__WORK REQUIRED__.
Please write out all of the data below exactly, without including the pictures.

__GIVEN MATERIAL__.
▼

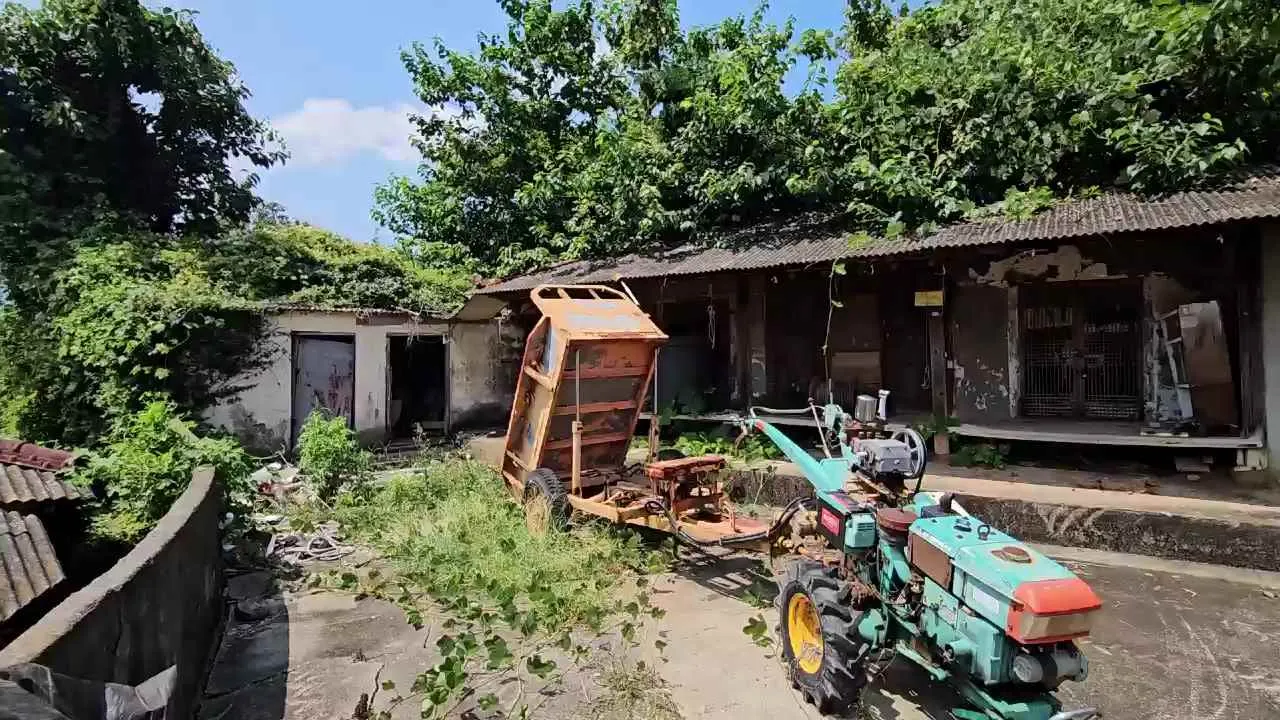 Sale of a Derelict Village House in Samdong-myeon, Namhae-gun, Land Area 205㎡ photo 2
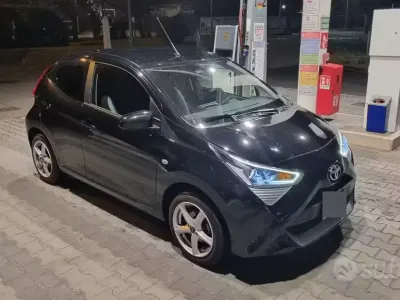 Usata Toyota Aygo Connect Style 72 CV (52 kW) 2021 Nero Utilitaria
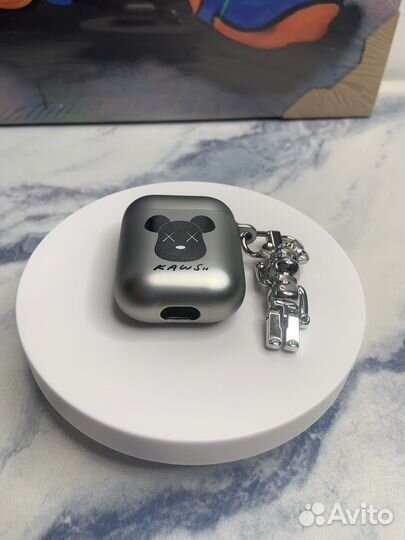 Чехол AirPods 2 + брелок Kaws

▲

__RESPONSE__.
 Sale of a Derelict Village House in Samdong-myeon, Namhae-gun, Land Area 205㎡ photo 2
 Usata Toyota Aygo Connect Style 72 CV (52 kW) 2021 Nero Utilitaria
 Чехол AirPods 2 + брелок Kaws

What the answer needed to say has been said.